Azzurro

Drama, Schweiz/Frankreich/Italien 2000, 85 min

Den Ruhestand hat er sich redlich verdient. 30 Jahre lang war Giuseppe als Gastarbeiter in der Schweiz tätig. Er war loyal zu seinem Boss, dem Straßenbau-Unternehmer Broyer. Er ließ sich ausbeuten und gab sogar ein lukratives Patent für Teer-Isolierung kostenfrei her. Jetzt ist Giuseppe wieder daheim in Italien, lebt mit seiner Tochter und der kleinen Enkelin Carla unter einem Dach. Das Kind ist ohne Augenlicht, die nötige Netzhautoperation verzögert sich durch eine Bürokratie der Warteliste, die nur durch viel Geld verkürzt werden kann. Geld, das Giuseppe nicht hat. Dennoch will der herzkranke Greis die Dinge ein letztes Mal richten. Zusammen mit Carla reist er in die Schweiz, wo er alte Kontakte noch einmal auffrischen will. Doch die Dinge im Land von Uhren, Schokolade und Bankschließfächern haben sich sehr verändert.

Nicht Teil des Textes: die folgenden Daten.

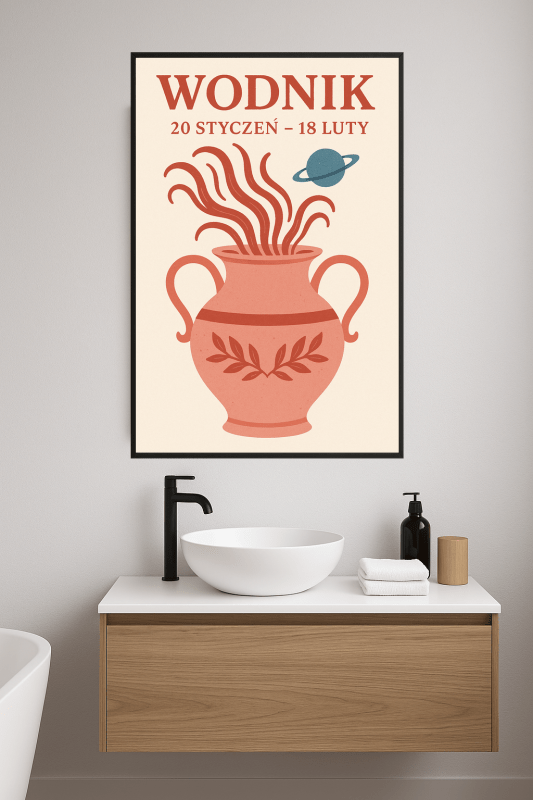 Wodnik - Druk Sztuki Zodiaku - CasaNookDecor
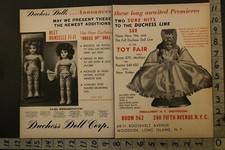 1950 MAMSELLE FI-FI DOLL CHARACTER LONG ISLAND BRIDE DUCHESS 2-pg TOY AD TN15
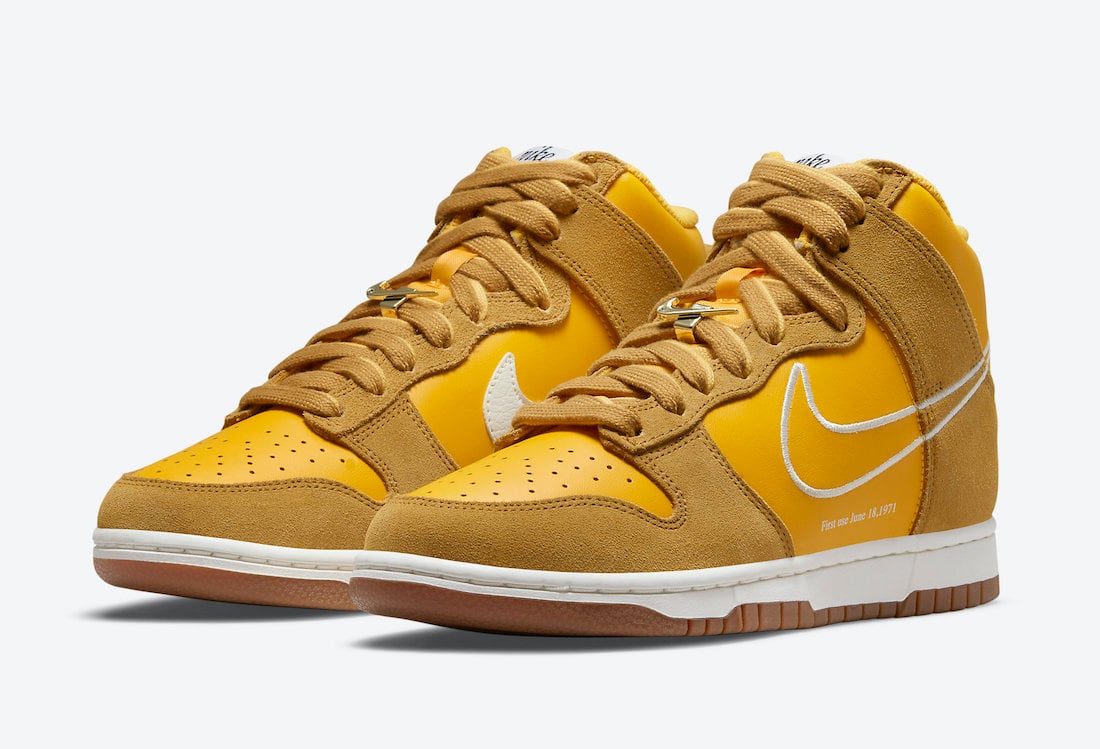 Nike Dunk High First Use University Gold DH6758-700 Release Date Info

Der Gewinner des Schweizer Filmpreises für den besten Spielfilm des Jahres 2000 ist ein liebenswertes Drama vom alten Mann und dem kleinen Kind unterwegs in einem fremden Land. Es geht um innere Aufrichtigkeit, darum, Verantwortung zu übernehmen und auch einmal gegen die Vernunft zu handeln. Der Regisseur beherrscht traditionelles Kinoerzählen, das sich ganz auf menschliche Stärken und Schwächen ausrichtet. Denis Rabaglias Verzicht auf Sozio-Parolen und Polit-Polemik bereichert das menschliche Spektrum der Erzählung. Sein Film erzählt von Erinnerungen und Begegnungen und welche Gefühle sich daraus ergeben. Er scheut sich dabei nicht vor Gefühlen, weiß aber auch den Witz einer knapp und trocken servierten Pointe zu nutzen. Hoffnungen und Enttäuschungen sind der Triebmotor des Films. Und wenn die kleine Francesca Pipoli irgendwann herausplatzt, wie doof sie die Schweiz findet, weil nichts so ist, wie es ihr versprochen war, dann erreicht Rabaglia eine tragikomische Qualität. Nach »Das Leben ist schön« und »Brot und Tulpen« liegt hier eine weitere Kinoperle aus Italien zur Entdeckung bereit.